(Raw data)

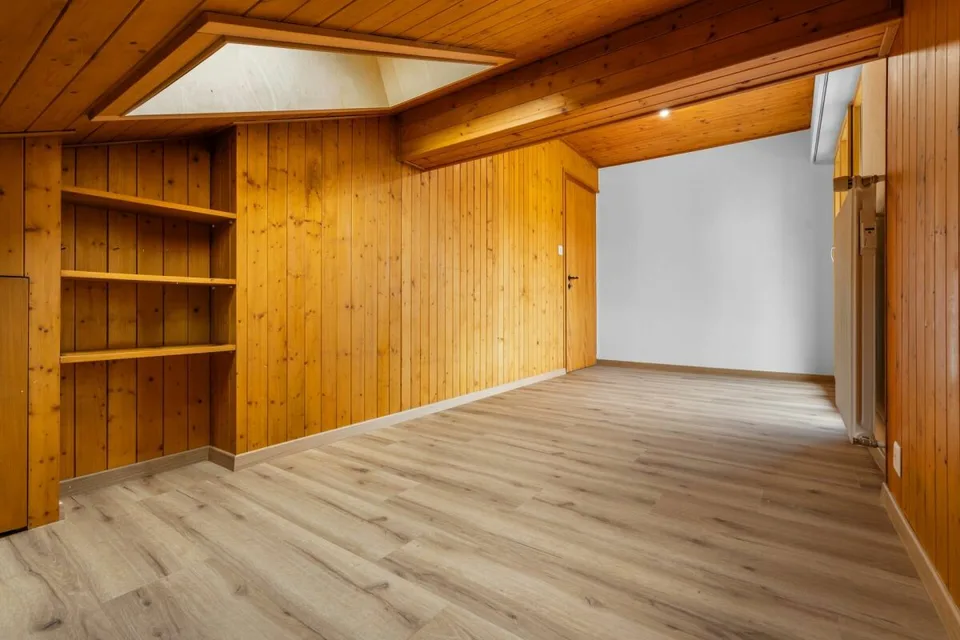 3.5 room apartment with parking space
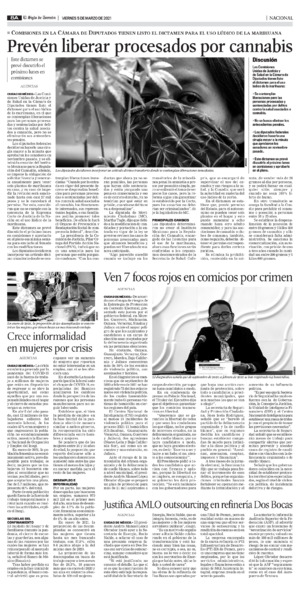 Nacional / Internacional página 8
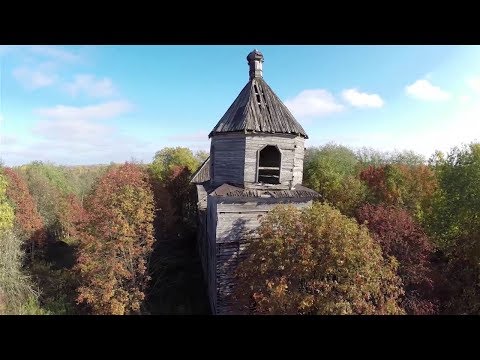 Видео: Вне зоны. Несуществующие села Ленинградской области.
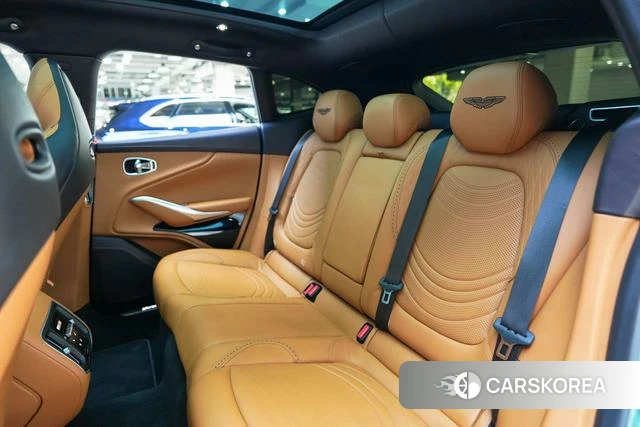 Aston Martin DBX 2023 Зеленый из Китая, фото 3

(End Raw data)

_Task goal_
Keep the pictures out of the copy and return the rest of the data above exactly.

_Answer box_
 3.5 room apartment with parking space
 Nacional / Internacional página 8
 Видео: Вне зоны. Несуществующие села Ленинградской области.
 Aston Martin DBX 2023 Зеленый из Китая, фото 3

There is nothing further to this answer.